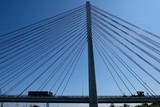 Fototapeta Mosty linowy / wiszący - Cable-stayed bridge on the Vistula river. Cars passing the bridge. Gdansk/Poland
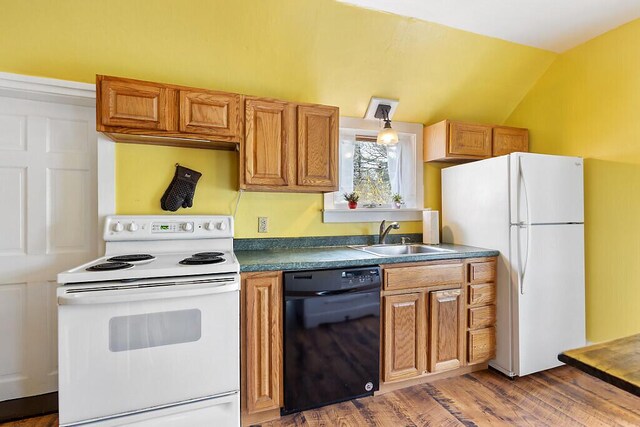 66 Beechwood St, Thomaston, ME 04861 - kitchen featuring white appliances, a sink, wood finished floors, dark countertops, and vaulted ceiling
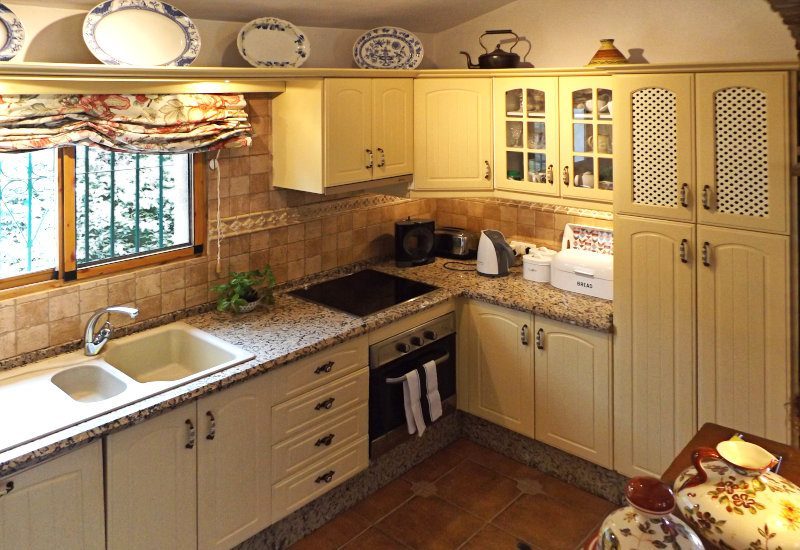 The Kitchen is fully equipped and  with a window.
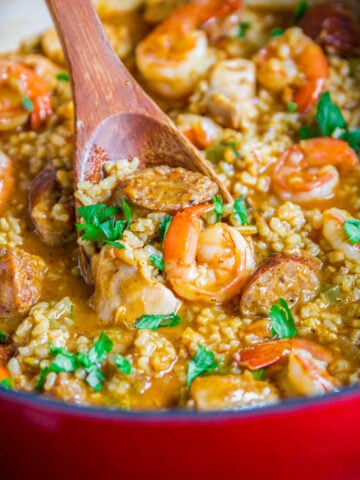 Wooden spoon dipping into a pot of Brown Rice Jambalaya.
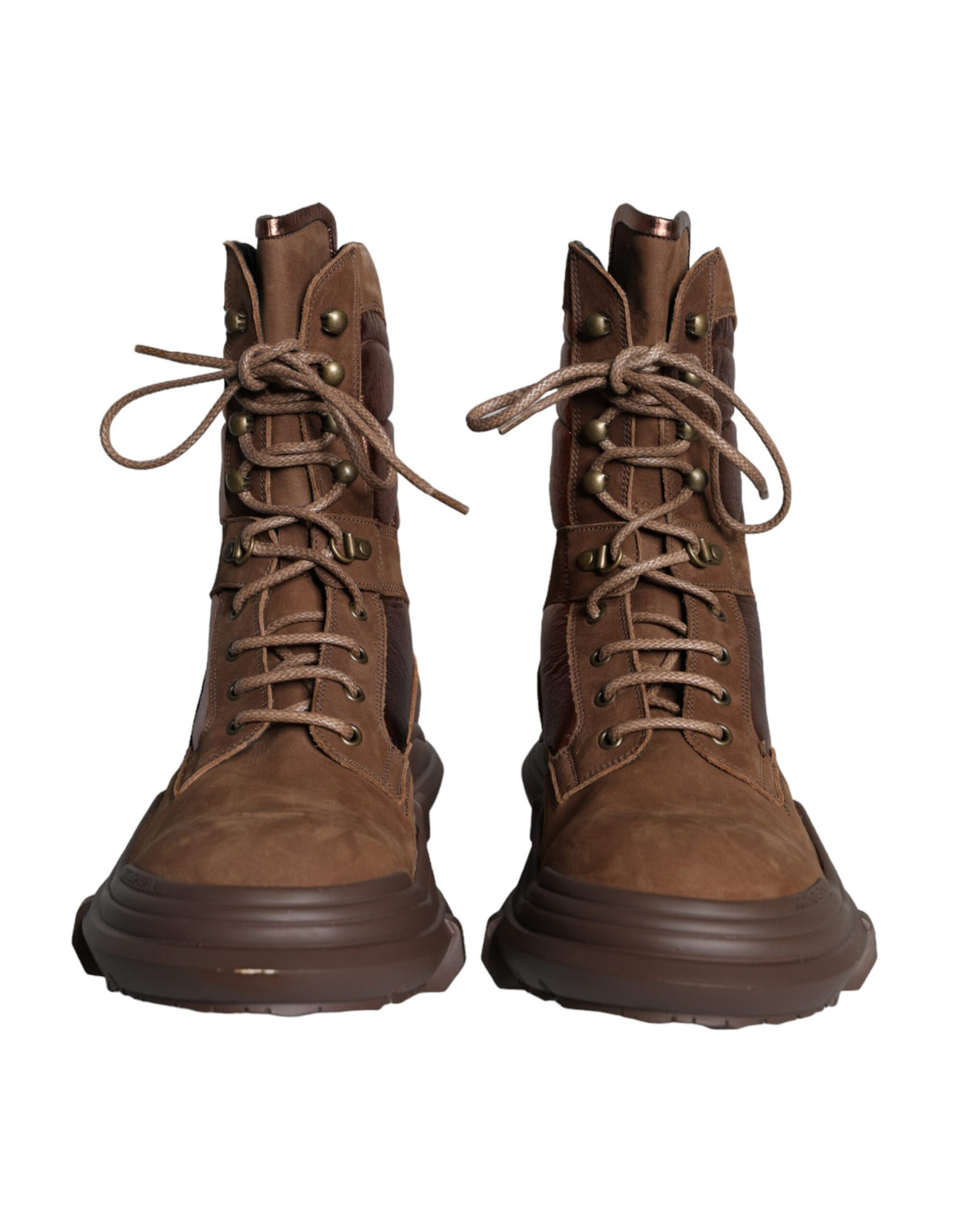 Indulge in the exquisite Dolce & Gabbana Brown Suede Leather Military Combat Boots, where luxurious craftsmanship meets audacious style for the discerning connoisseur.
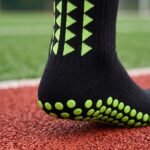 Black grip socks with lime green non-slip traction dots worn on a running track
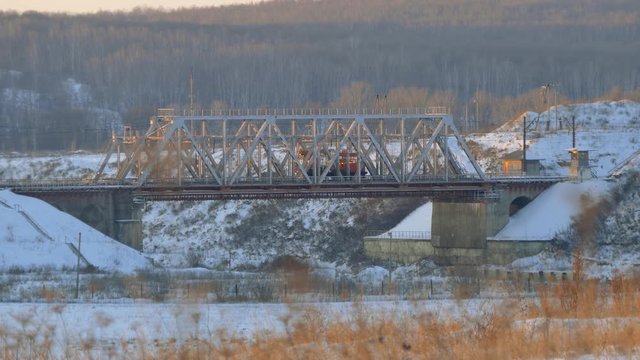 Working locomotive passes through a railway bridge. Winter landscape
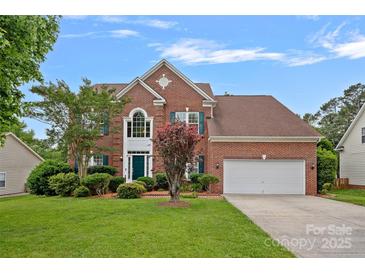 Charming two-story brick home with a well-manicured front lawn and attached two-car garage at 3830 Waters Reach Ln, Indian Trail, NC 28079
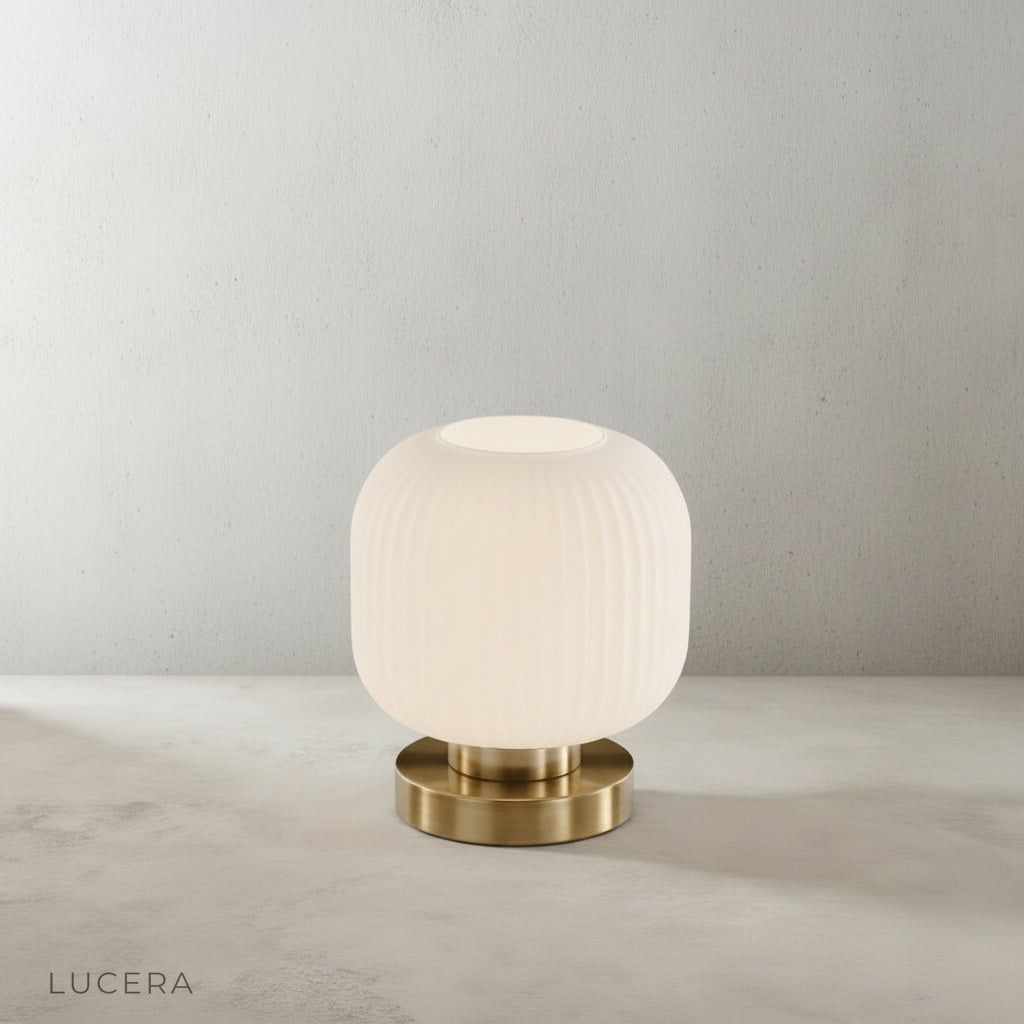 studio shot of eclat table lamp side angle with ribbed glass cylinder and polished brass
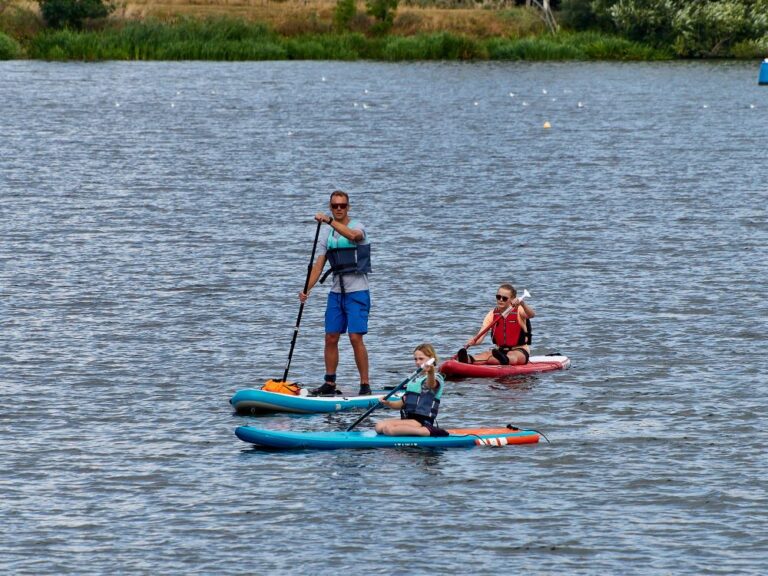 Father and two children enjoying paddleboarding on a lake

--

■ Instructions to follow:
Leave every picture out and write out, word for word, the lines from the one that contains "Working locomotive passes" through the last line of the records.

■ Solution to this problem:
 Working locomotive passes through a railway bridge. Winter landscape
 Charming two-story brick home with a well-manicured front lawn and attached two-car garage at 3830 Waters Reach Ln, Indian Trail, NC 28079
 studio shot of eclat table lamp side angle with ribbed glass cylinder and polished brass
 Father and two children enjoying paddleboarding on a lake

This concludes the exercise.